Inside Grenada’s Exploration Upside: Geology, Gas Shows and Untested Plays

Inside Grenada’s Exploration Upside: Geology, Gas Shows and Untested Plays
Grenada is emerging as one of the Caribbean’s most compelling frontier hydrocarbon opportunities, supported by geological characteristics that mirror some of the region’s most productive petroleum provinces. Positioned near established producers including Trinidad and Tobago, Venezuela, and Guyana, the island’s offshore acreage combines proven play concepts, early drilling evidence, historical seismic coverage and extensive untested potential that is increasingly drawing industry attention.

At the center of this opportunity lies the Miocene–Pliocene play fairway within the Tobago Trough – a geological system long proven in neighboring Trinidad and Tobago. Exploration in Grenadian waters has already intersected this play, most notably through the Nutmeg-2 well, which encountered natural gas and confirmed the presence of hydrocarbons in the basin. Regional seismic interpretation further indicates structural and stratigraphic trapping analogous to producing trends in Trinidad and Tobago, reinforcing confidence in the basin’s underlying hydrocarbon system.

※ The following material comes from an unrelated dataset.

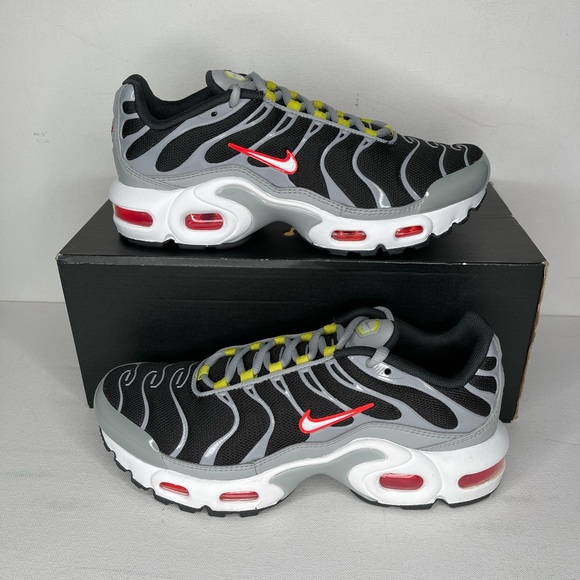 Nike Air Max Plus - Picture 1 of 9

Beyond this interval, seismic interpretation has identified additional prospects within deeper Lower Miocene to Eocene horizons, opening the possibility of sizable, previously undrilled resource potential across multiple stacked plays. This layered geology positions Grenada not simply as a single-play gas province, but as a basin with broader structural and stratigraphic opportunity.

Despite encouraging technical indicators, exploration activity in Grenada has historically remained limited. Offshore work has largely been confined to 2D seismic surveys and the single Nutmeg-2 exploration well, leaving much of the country’s roughly 28,500 km² offshore area effectively unexplored. Geological studies dating back to the 1980s have suggested the potential for multi-billion-barrel oil-equivalent resources, yet sparse drilling and limited modern data have kept the basin on the margins of global exploration.

Recent policy and technical initiatives are now shifting that trajectory. The government has established a Hydrocarbons Technical Working Group bringing together international geoscience, engineering and legal expertise to prepare the basin for investment and licensing. Complementing this effort, investors will gain access to historical datasets and updated seismic interpretation through a Virtual Data Room launching in 2026, followed by an invitation-only physical data room ahead of a planned licensing round expected in Q3 2026.

Grenada will present these technical fundamentals at Caribbean Energy Week (CEW) 2026, where the country is scheduled to feature in a dedicated Country Spotlight session designed to connect governments, investors and industry leaders shaping the region’s energy future. The session is expected to showcase geological analogues with neighboring producing basins, early drilling results and the regulatory framework supporting upcoming licensing.

Across the wider Caribbean, offshore discoveries have already transformed national energy trajectories – from Trinidad and Tobago’s gas-driven industrial base to Guyana’s multi-billion-barrel deepwater success. Within this regional context, Grenada represents a frontier basin with credible geological foundations and expanding technical validation.